Unveiling a 6 per cent slide in net profit to $95.2 million for the year to July 27, Mr Zahra updated the market on his plan to transform the 175-year-old chain into a leading online player, creating a seamless omni-channel platform linking physical stores to the online site.
In fact, David Jones' bricks-and-mortar stores look likely to provide a sizeable earnings kick in coming years, with Mr Zahra also revealing the chain would seek to exploit the "air rights" above its Market Street store in Sydney, to develop apartments or a hotel.
Mr Zahra was tight-lipped on the opportunities being explored but said the property cycle was starting to turn, with the fact David Jones owned its flagship stores meaning a lucrative property deal could be on the cards.
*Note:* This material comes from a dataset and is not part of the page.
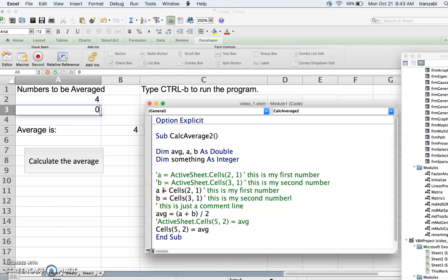The syntax is: variable equals some command. Here the right-hand side is an input command that takes a value from the spreadsheet. So far we've learned two things: first, introducing variables with Dim As Integer or Double; second, assignment — the value on the right side gets assigned to the variable on the left side. We get a and b from the spreadsheet, then the next line calculates the average and assigns the result to the average variable.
Reporting the chain's full-year results - which saw underlying profit rise 0.5 per cent to $101.6 million once the impact of a $9.1 million charge relating to its deal with Dick Smith to hive off its electronics category was stripped out - Mr Zahra said there had been an upturn in performance since the change of government this month "but it is early days". He said a sustained shift in consumer sentiment would likely only occur once the new government had fully announced and implemented its policy agenda.
"We have said that fiscal 2014 will continue to remain challenging - I think until the government annunciate their policies there is still a level of uncertainty - and we expect fiscal 2015 to obviously be a better year based on what we know to date," he said.
Investors were upbeat after David Jones' result, with shares gaining almost 5 per cent to $2.99.
The cost of doing business to sales rose 110 basis points to 32.9 per cent during the year, with the jump explained by a rise in wages, provisions for short-term executive incentives and customer service investments.
Deutsche Bank retail analyst Michael Simotas said David Jones' underlying profit was about 4 per cent above expectations.
"Costs were slightly below our expectations but a key disappointment for us was the much-weaker-than-expected gross margin expansion," he said.
"Second-half gross margins only grew by 45 basis points, which was notwithstanding a very easy base comparison [down 140 basis points in the second half of 2012].
"We wouldn't be surprised if this drives downgrades to consensus earnings in fiscal 2014."
David Jones declared a final dividend of 7¢ a share fully franked, taking the payout for fiscal 2013 to 17¢ a share fully franked.